DRUG_DOSE 193 196 Metamucil one pack
DRUG_DOSE 207 210 Nexium 40 mg
DRUG_DOSE 1133 1136 Naprosyn one p.o
DRUG_DOSE 290 293 Lidocaine 1%
DRUG_DOSE 37 40 Altrua 60,
...
DRUG_DOSE 74 77 Lidocaine 1.5%
DRUG_DOSE 209 212 Dilantin 300 mg
DRUG_DOSE 217 220 Haloperidol 1 mg
DRUG_DOSE 225 228 Dexamethasone 4 mg
DRUG_DOSE 234 237 Docusate 100 mg
DRUG_DOSE 250 253 Ibuprofen 600 mg
DRUG_DOSE 258 261 Zantac 150 mg
...
DRUG_DOSE 204 207 epinephrine 7 ml
DRUG_DOSE 214 217 Percocet 5,
DRUG_DOSE 55 58 . 4.
DRUG_DOSE 146 149 . 4.
DRUG_DOSE 2409 2412 Naprosyn 375 mg
DRUG_DOSE 141 144 Wellbutrin 300 mg
DRUG_DOSE 146 149 Xanax 0.25 mg
DRUG_DOSE 158 161 omeprazole 20 mg
...
Nice, we did it!
We successfully extracted drugs and dosages, including different kinds of units like mg, mL, %, packs.
Conclusions
Here we learned how to use some features of scispaCy and spaCy like NER and rule-base matching. We used one NER model, but there lots of others and you should totally check them out. For instance, the en_ner_bionlp13cg_md
model can identify anatomical parts, tissues, cell types, and more. Imagine what else you could do with that!

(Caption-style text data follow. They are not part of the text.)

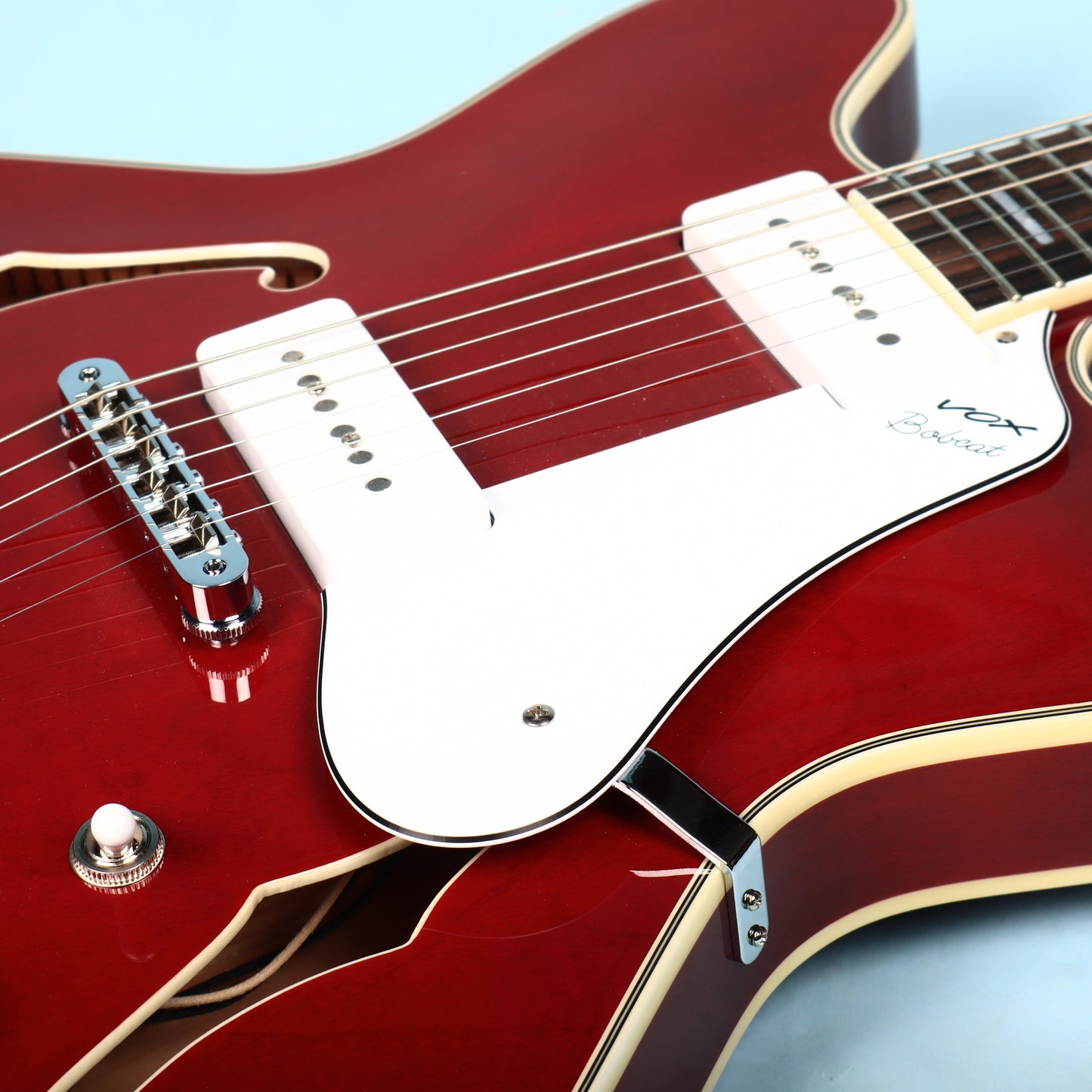 Vox Bobcat V90 Cherry Red Semi-Hollowbody Electric Guitar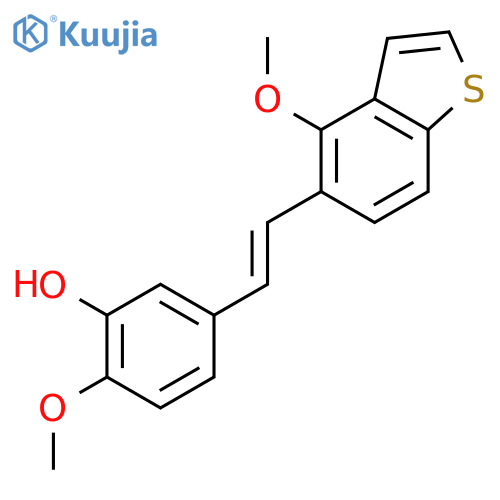 Phenol, 2-methoxy-5-[(1Z)-2-(4-methoxybenzo[b]thien-5-yl)ethenyl]- structure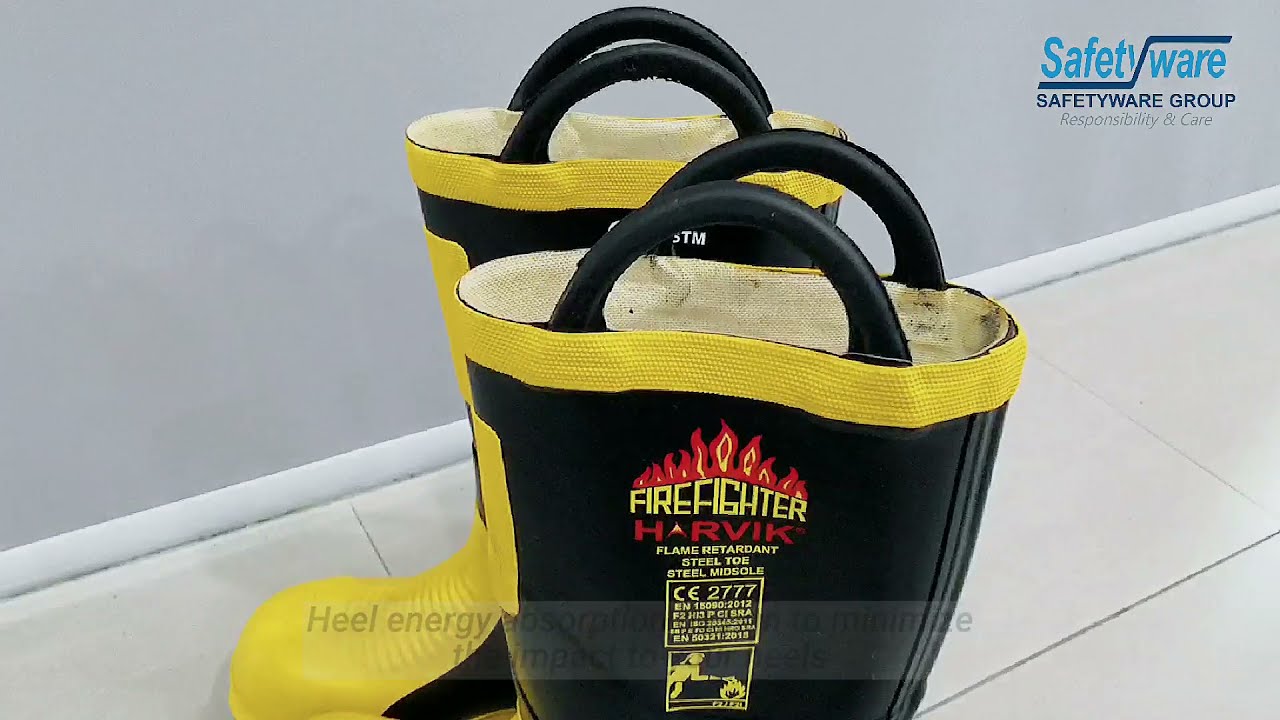 Ultimate Protection With Vulcanized Rubber Upper and Sole - HARVIK Firemen Boots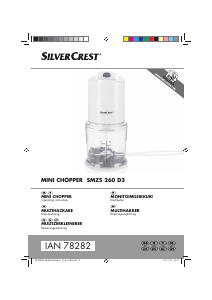 Bruksanvisning SilverCrest IAN 78282 Minihackare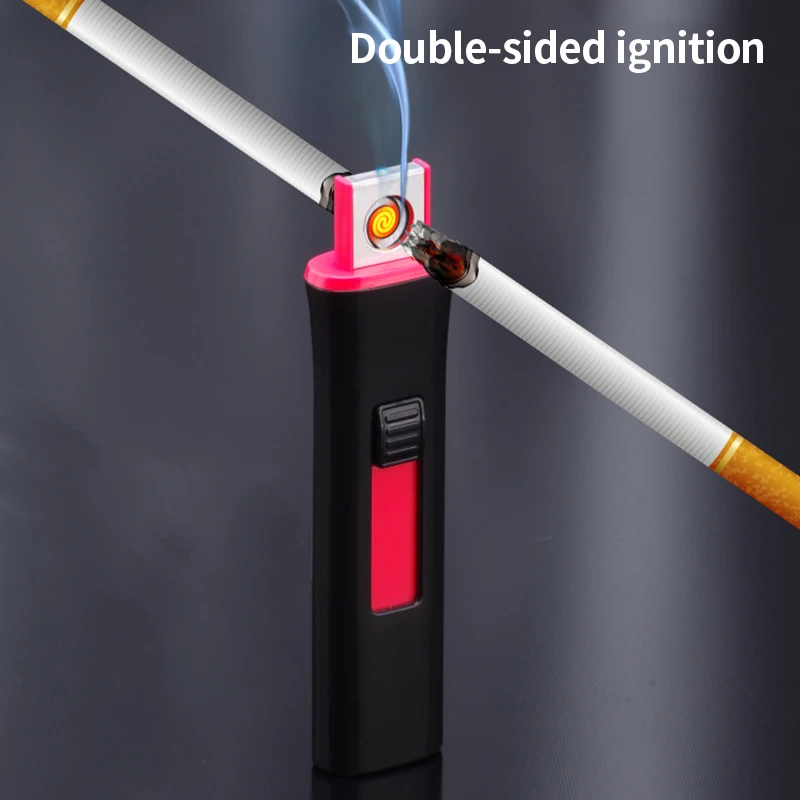 Cheap Plastic Custom Logo Cigarette Electric Usb Rechargeable Lighter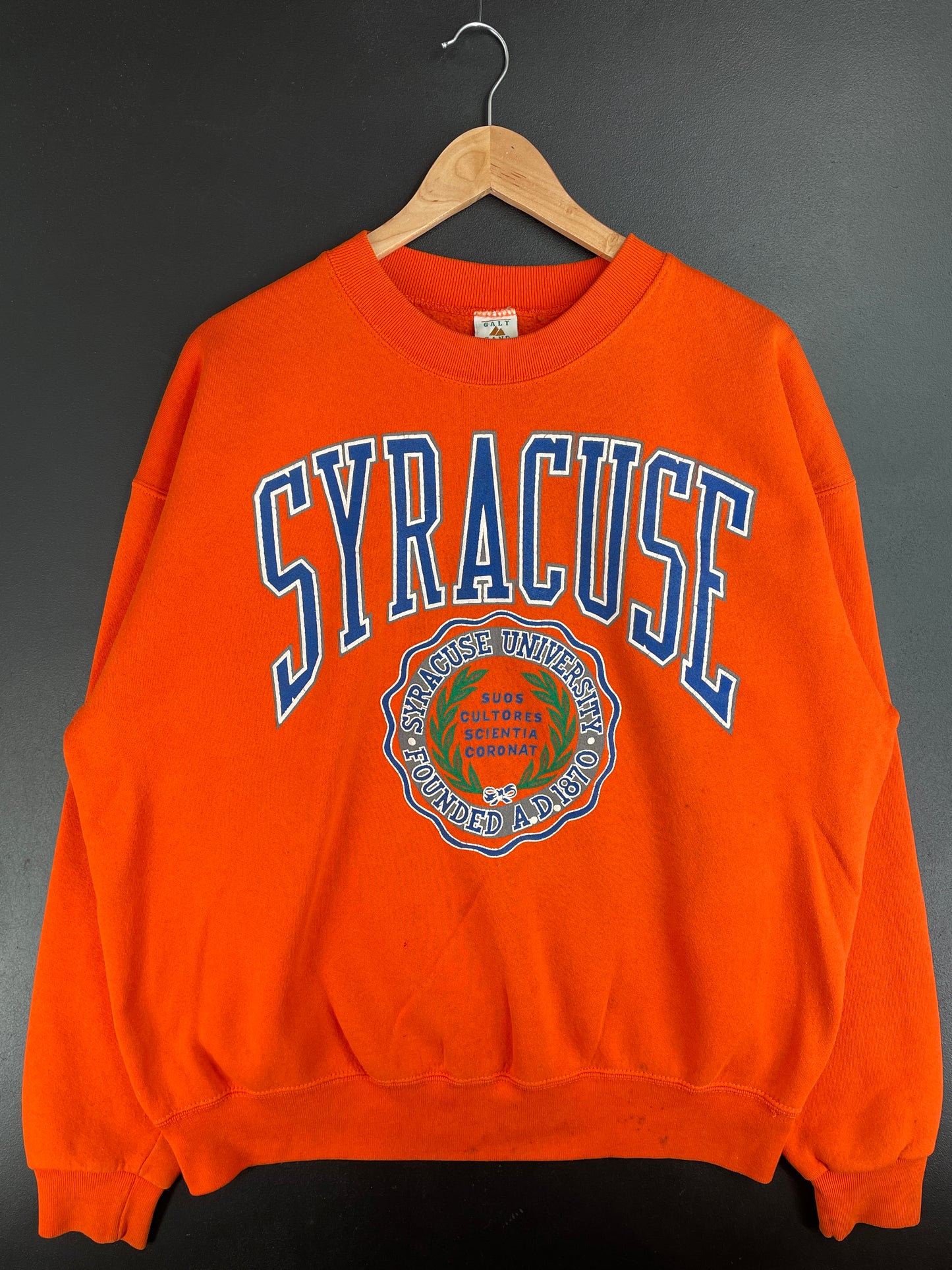90's SYRACUSE UNIVERSITY Made in USA Size XL Vintage College Sweat-shirt / E1300S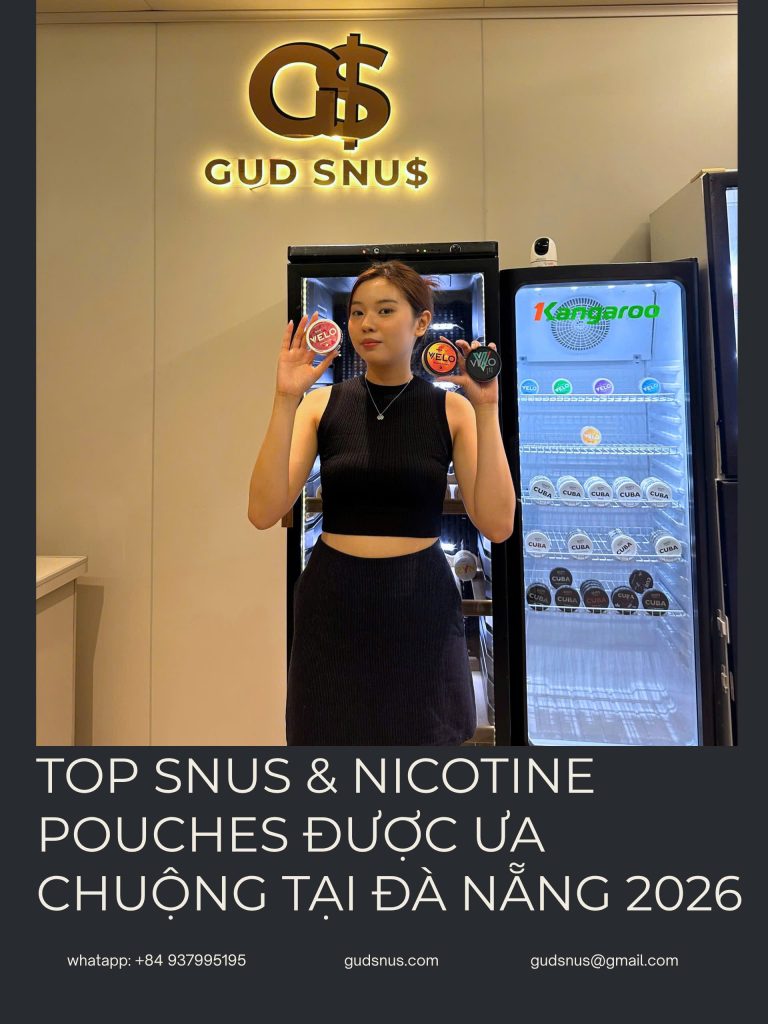 Top snus Đà Nẵng 2026 – tổng hợp các dòng snus & nicotine pouches được ưa chuộng, đa dạng hương vị và mức độ, phù hợp cho cả người mới và người dùng lâu năm.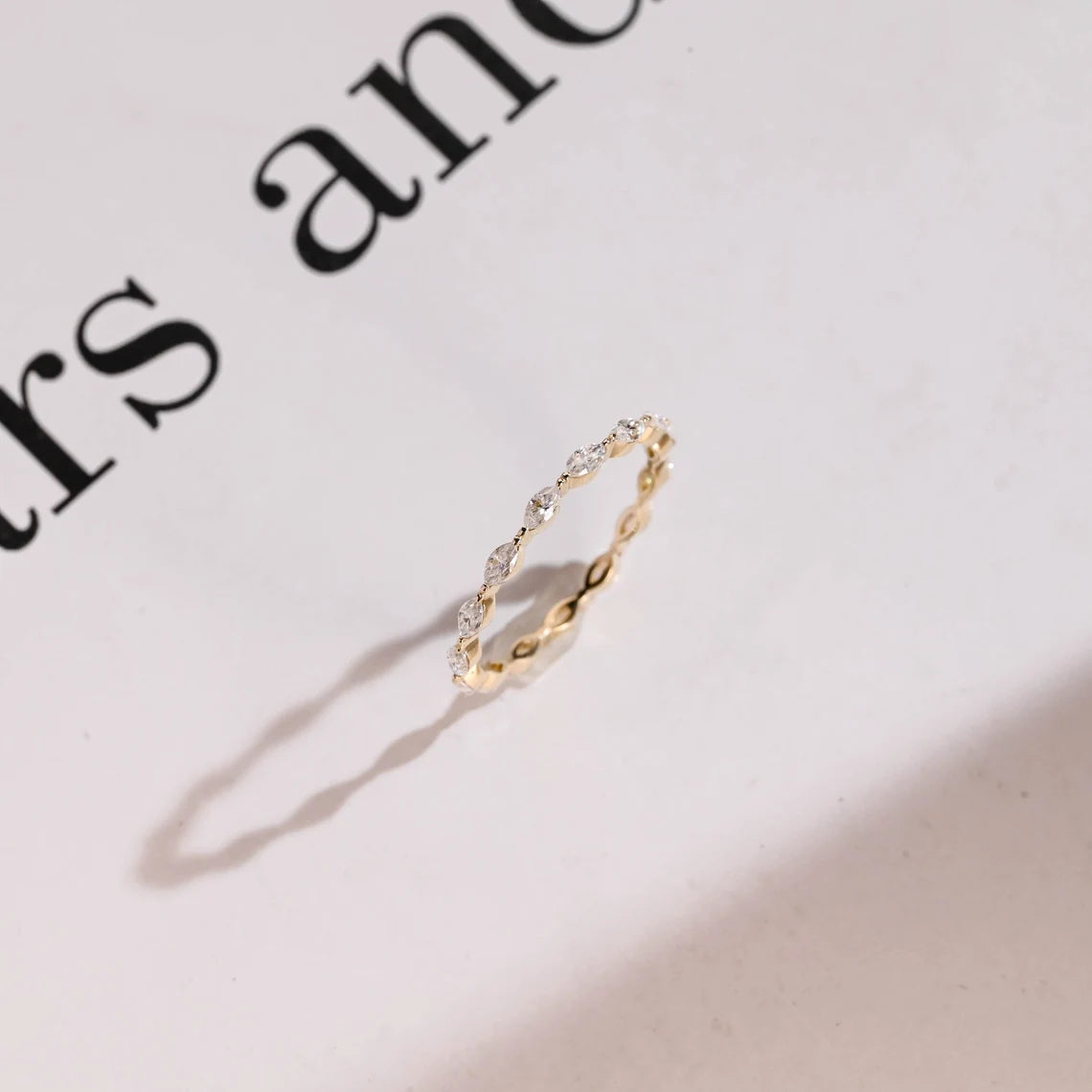 Solid gold eternity ring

We also didn’t focus too much on preprocessing steps, but they are fundamental to get better results. Don’t forget to explore your data and adapt the preprocessing steps to the NLP tasks you want to do.
References
Neumann, M., King, D., Beltagy, I., & Ammar, W. (2019). Scispacy: Fast and robust models for biomedical natural language processing. arXiv preprint arXiv:1902.07669.
Honnibal, M., Montani, I., Van Landeghem, S., Boyd, A. (2020). spaCy: Industrial-strength Natural Language Processing in Python.